● **DIRECTIONS**: Starting at the first line of the records and stopping at the line that contains "Serveringsvogn m/kakler fra RC", transcribe every line exactly and leave out the pictures.

(Beginning of INPUT RECORDS)

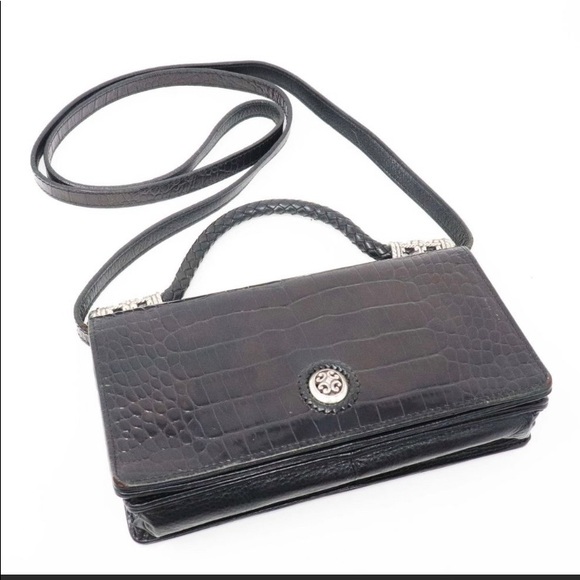 brighton wallet purse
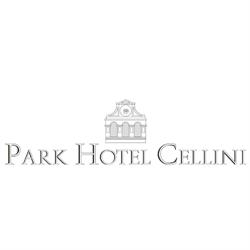 Park Hotel Cellini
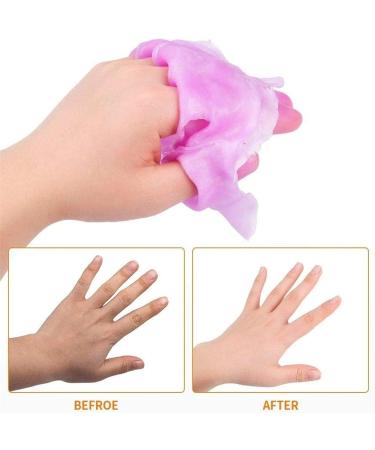 X&Z-XAOY Machine Cire De Paraffine Professionnelle Chauffe-Paraffine pour Salon De Beaut Bain De Paraffine Kit De Cire Hydratante pour Les Mains Et Les Pieds pour Les Mains Et Les Pieds des Femmes - Buy Online on GoSupps.com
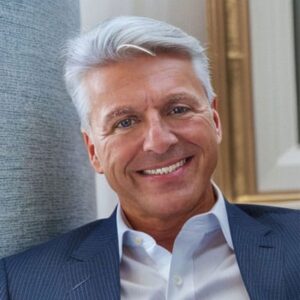 Dr. Helmut Vorndran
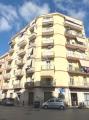 Appartamento, TRANI, 125.000 €, 120,00 mq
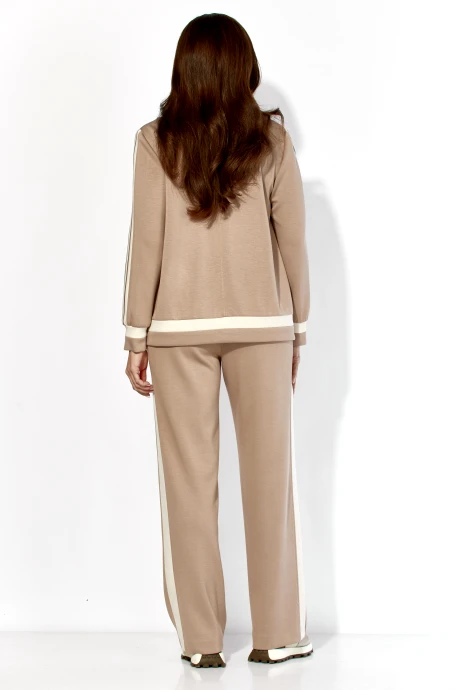 ТAиЕР 1421 двойка #6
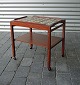 Serveringsvogn m/kakler fra RC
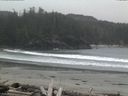 ./images/calvert/beach/20160331/beach20160331_195003.jpg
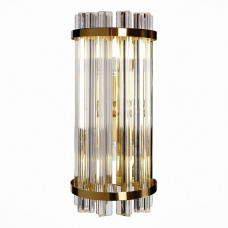 Настенный светильник ST Luce Arezzo SL1179.201.02 Настенный светильник ST Luce Arezzo SL1179.201.02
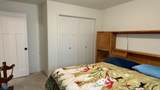 5477 11th Street - Photo 32
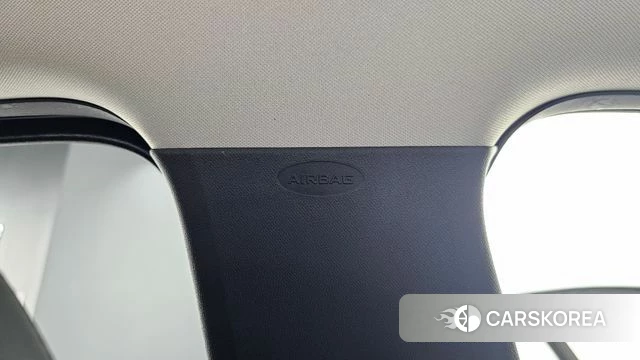 Renault Korea (Samsung) SM6 id 4794309 из Кореи 21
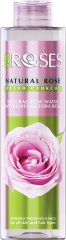 Nature of Agiva Natural Rose Water - 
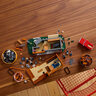 LEGO Sumrak – Kuća Kalenovih 21354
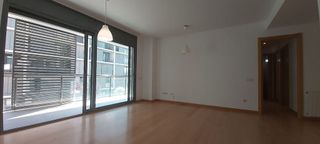 Piso en venta en Sant Joan Despí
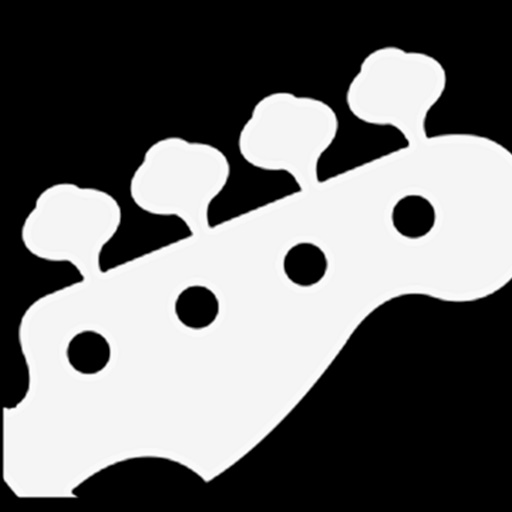 Malaykord - Guitar Chord 2023 icon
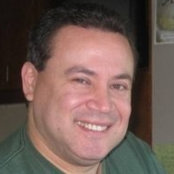John Claudio's photo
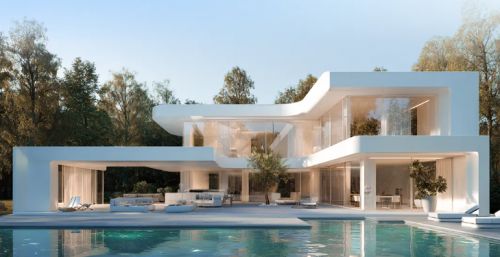 霜降｜秋走冬来日立中央空调让舒适先行一步(图3)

(End of INPUT RECORDS)

● **ANSWER**:
 brighton wallet purse
 Park Hotel Cellini
 X&Z-XAOY Machine Cire De Paraffine Professionnelle Chauffe-Paraffine pour Salon De Beaut Bain De Paraffine Kit De Cire Hydratante pour Les Mains Et Les Pieds pour Les Mains Et Les Pieds des Femmes - Buy Online on GoSupps.com
 Dr. Helmut Vorndran
 Appartamento, TRANI, 125.000 €, 120,00 mq
 ТAиЕР 1421 двойка #6
 Serveringsvogn m/kakler fra RC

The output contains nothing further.